+ 1
I cant understand inout.
please help. Thanks in advance
3 odpowiedzi
+ 1
We use inout keyword when we have to compute arguments values for some raison and return them back, like swapTwoNumbers or getTheGreatestCommonFactor.
Example:
func gcfof(inout m: Int, inout n: Int) { // used inout key to be able to modify the arguments
while n != 0 {
let remainder = m % n
m = n
n = remainder
}
print(m)
}
// Example
var a = 120
var b = 16
print("The greatest common factor of \(a) and \(b) is", terminator: " ")
gcfof(&a, n: &b) // & before the argument to tell the compiler that I am changing this inputs
/*Output
The greatest common factor of 120 and 16 is 8*/
Happy coding
+ 1
var score = 0 // score to increment when a player collect a coin.
//function that takes a number, increments it by 1 and returns the result
func incrementScore(a: Int)->Int {
a += 1 // compiler will complain cause the argument is a constant that you can't change.
return a
}
score = incrementScore(score) // will throw an error.

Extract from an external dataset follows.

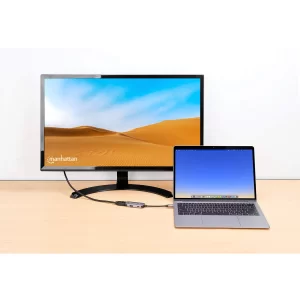 Manhattan USB-C to HDMI (4K@30Hz) 3-in-1 Docking Converter with Power Delivery- 130707 - Image 9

// we could avoid this by editing our increment function like this:
func increment(a: Int)->Int {
let b = a + 1
return b
}
score = incrementScore(score) // would work now
// The new inout keyword !!
// here it is
func incrementScore(inout a: Int) ->Int {
a += 1
return a
}
score = incrementScore(&score) // we add & before the argument score to tell the compiler that this input would be changed andlet the function do it
Hope this helps.
0
I/O parameters in Swift provide functionality to retain the parameter values even though its values are modified after the function call. At the beginning of the function parameter definition, 'inout' keyword is declared to retain the member values.
It derives the keyword 'inout' since its values are passed 'in' to the function and its values are accessed and modified by its function body and it is returned back 'out' of the function to modify the original argument.
func temp(inout a1: Int, inout b1: Int) { let t = a1 a1 = b1 b1 = t } var no = 2 var co = 10 temp(&no, &co) println("Swapped values are \(no), \(co)")
When we run the above program using playground, we get the following result −
Swapped values are 10, 2
Variables are only passed as an argument for in-out parameter since its values alone are modified inside and outside the function. Hence no need to declare strings and literals as in-out parameters. '&' before a variable name refers that we are passing the argument to the in-out parameter.